DTE Gas Co. is a predominantly pure-play gas utility, with about 90% of earnings coming from its regulated business. It serves about 1.3 million natural gas customers in Michigan.
All five participants on the panel indicated they use natural gas price indexes published by price reporting agencies such as NGI as part of their gas procurement processes. Payne said CF conducts transactions in both the physical and financial natural gas markets.
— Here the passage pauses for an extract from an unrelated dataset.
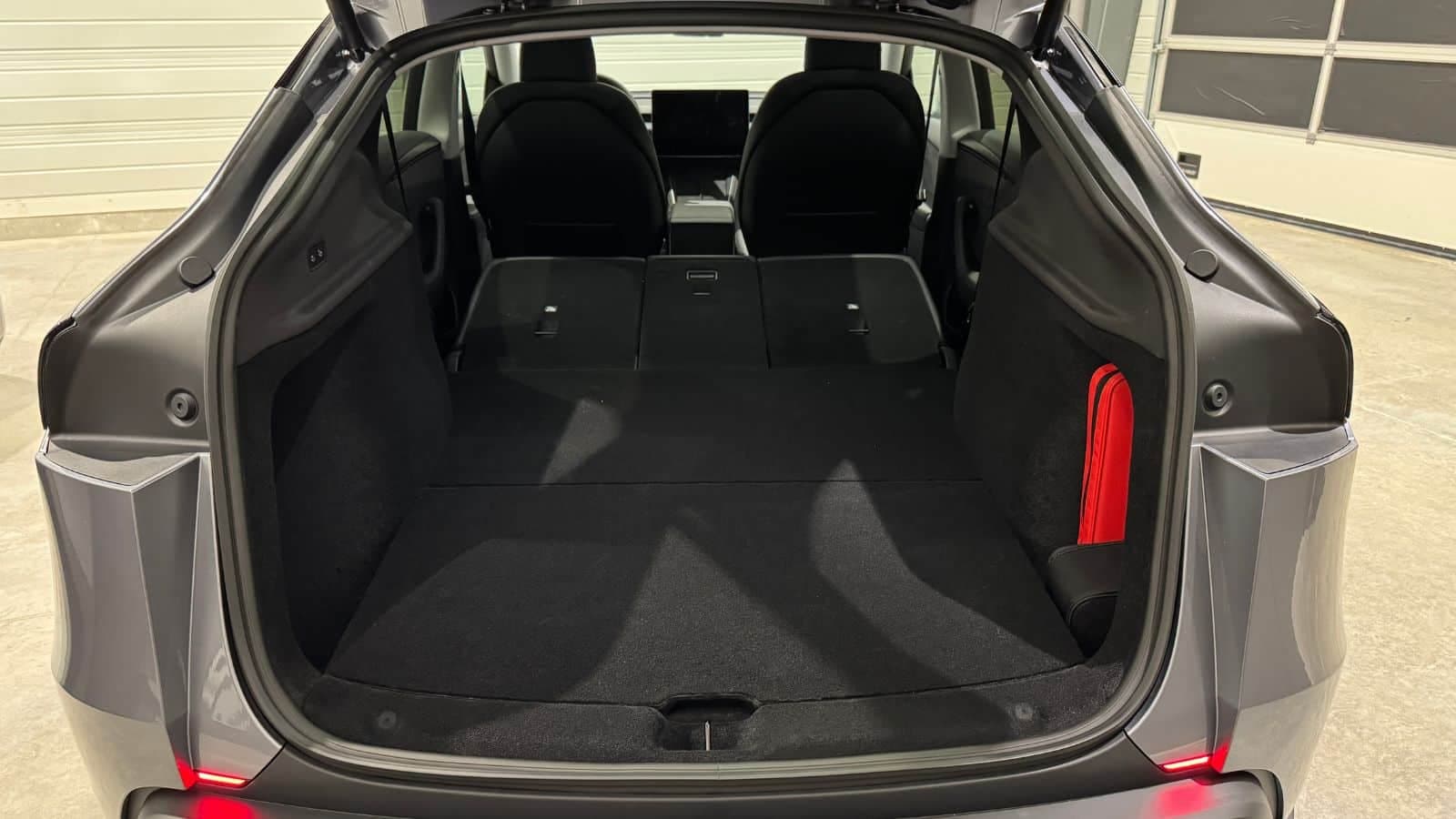 Tesla Model Y 2025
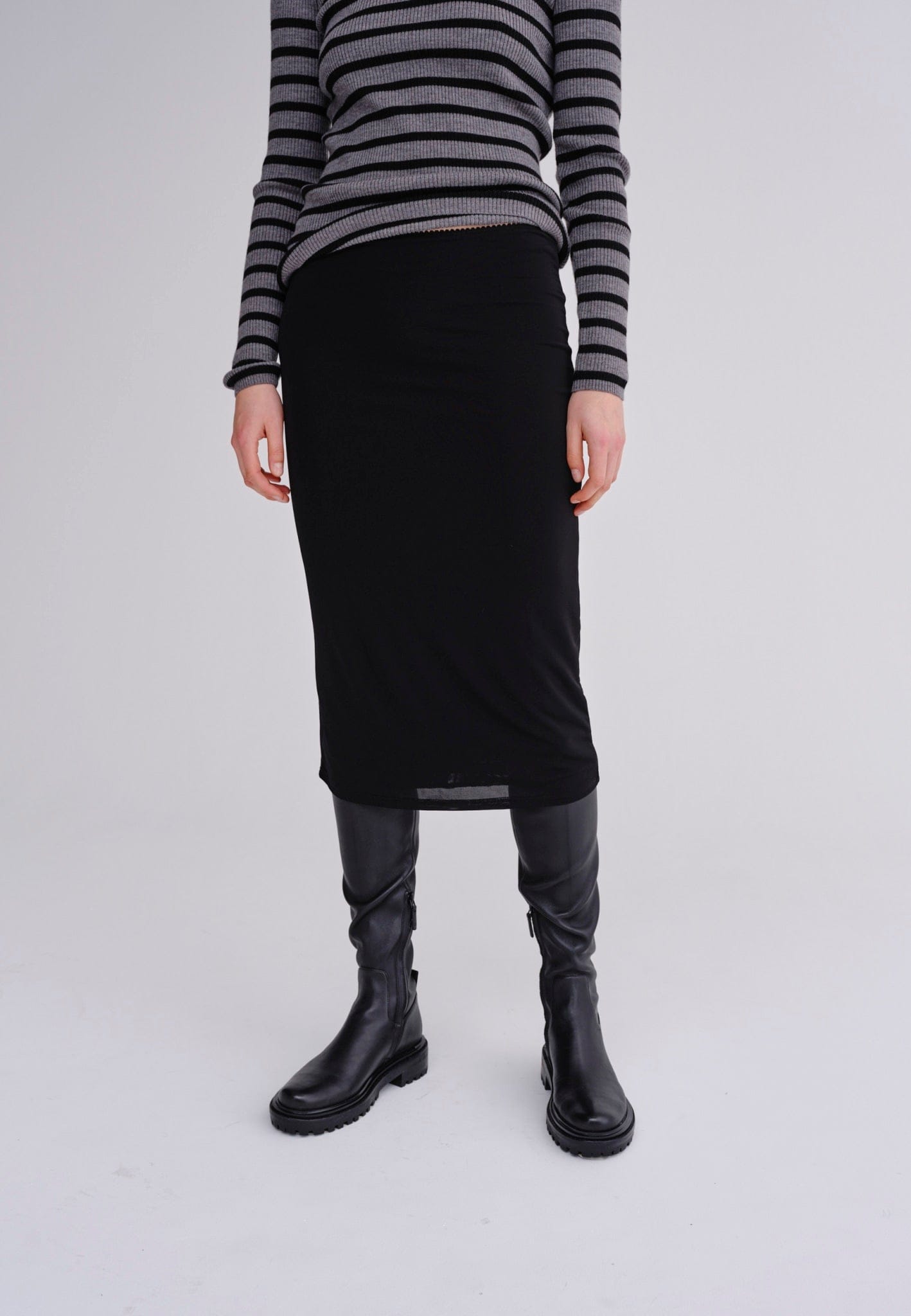 Megan Ltd. Skirt - Black made by HERSKIND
Colombo said his team at Dominion conducts physical-only transactions in Ohio, but uses the physical and financial markets in West Virginia.
The other panelists said they transact mostly or entirely in the physical market.
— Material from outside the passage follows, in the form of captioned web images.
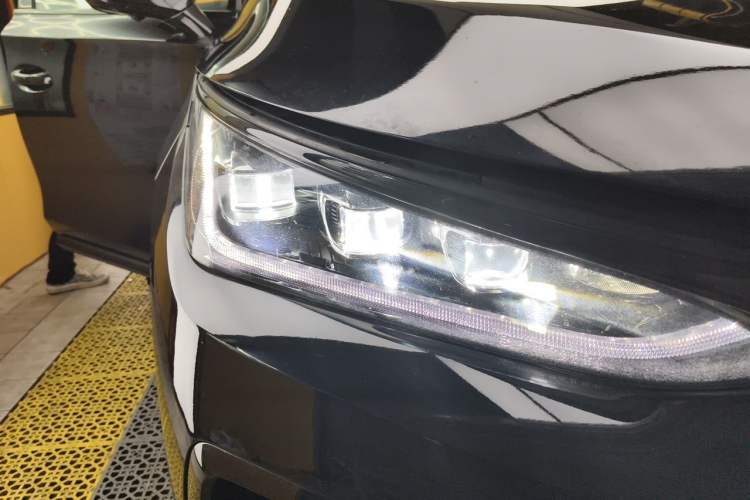 Used BYD Tang New Energy 2021 DM-i 112KM Prestige Model Right Front Headlight
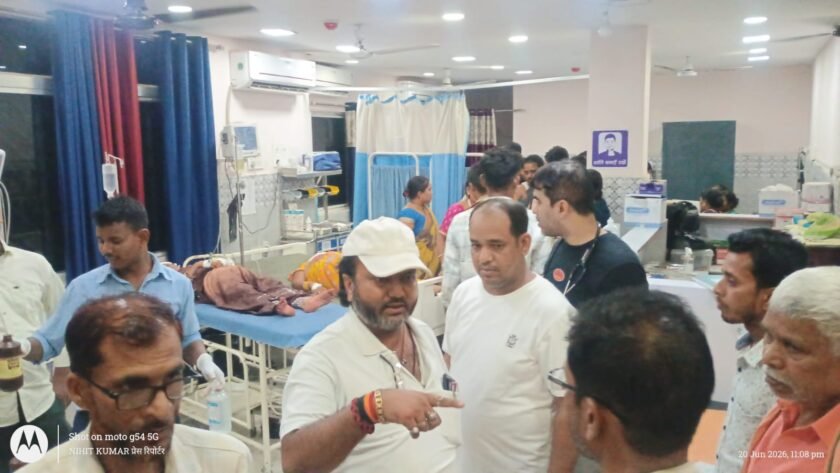 कोटाम मोड़ के पास पिकअप दुर्घटनाग्रस्त,टांगीनाथ से लौट रहे 6 श्रद्धालु घायल कोटाम मोड़ के पास पिकअप दुर्घटनाग्रस्त,टांगीनाथ से लौट रहे 6 श्रद्धालु घायल
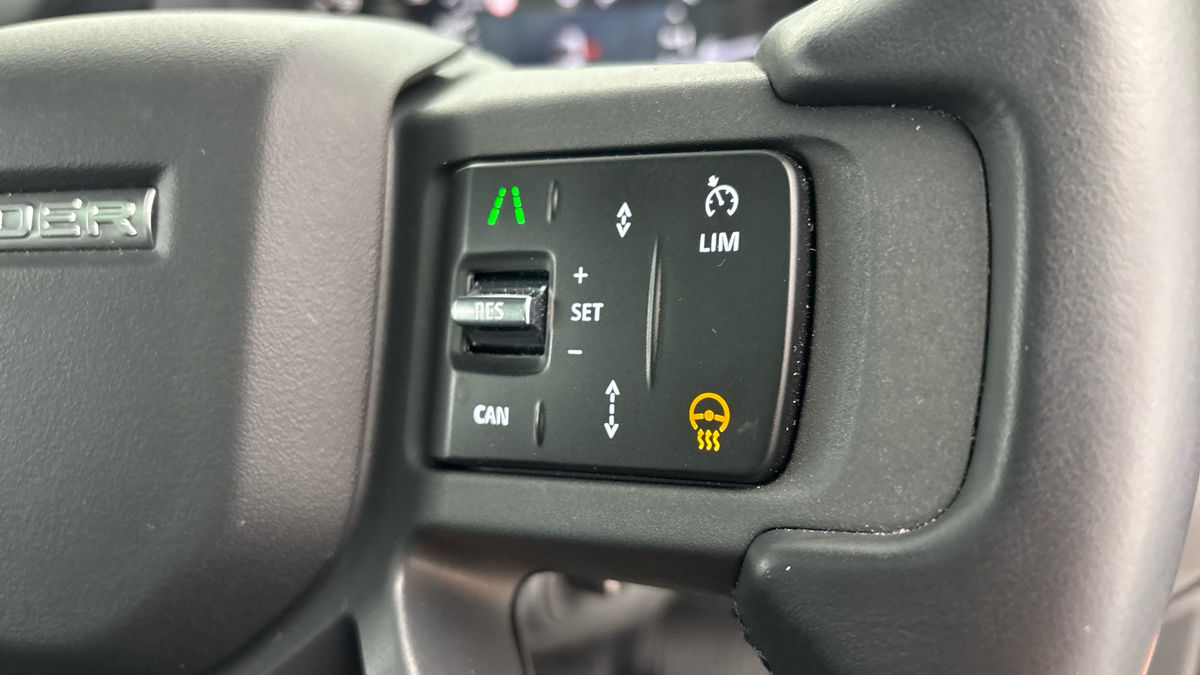Land Rover Defender 110 Image 30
Four of the panelists said that all or substantially all of their gas purchases are tied to some type of natural gas price index, with a mix of prompt-month, prompt-season, and multiyear terms.
Schiffer was the exception, explaining that about 75% of DTE Gas purchases are conducted via negotiated fixed-price contracts for a delivery term of up to two years, and that the remaining 25% are conducted for month-ahead delivery and tied to some type of index.
All participants said that day-ahead gas purchases are rare in their roles.
The panelists all said their respective firms managed to avoid any material supply cuts or force majeure events during Winter Storm Uri in February, citing their diverse supplier portfolios and access to ample natural gas storage.
Asked to rate their confidence in natural gas price indexes on a scale of one to five with five being the highest, all five panelists said they would rate it as a five.
Payne said the natural gas industry enjoys “an embarrassment of riches in terms of price data,” explaining, “There are a lot of other commodities that don’t have as much visibility or frequency” in terms of access to price movements.
Greening the Gas Mix
Dave Janisse, manager of gas supply for Enbridge Gas Inc., said the firm does not expect to make major changes to its supply portfolio because of surging prices.
Any changes in that portfolio, he said, rather will be driven by environmental, social and governance (ESG) factors such as ensuring the supply of responsibly sourced gas (RSG), renewable natural gas (RNG) and hydrogen.
Ontario-based Enbridge Gas Inc. (a subsidiary of Enbridge Inc.) is the largest natural gas utility in North America in terms of volume sendout, and is the owner/operator of the 281 Bcf Dawn natural gas storage facility and the over 7.5 Bcf/d Dawn-Parkway transmission system.
Morse, meanwhile, said Vermont Gas already has RSG and RNG in its portfolio. While these products are not yet flowing to the utility’s customers, he said Vermont Gas is using them to offset its own greenhouse gas emissions.
The company will likely increasingly rely on virtual pipelines, i.e. trucks, to source future supply of natural gas, RSG and RNG, he said.
CF also is looking to promote development of the hydrogen economy through low-carbon production of ammonia and hydrogen, Payne said.
“Ammonia is a critical enabler for the storage and transport of hydrogen and can also be a clean fuel in its own right,” CF said in April upon announcing a contract to build a 20 MW alkaline water electrolysis plant at the Donaldsonville complex.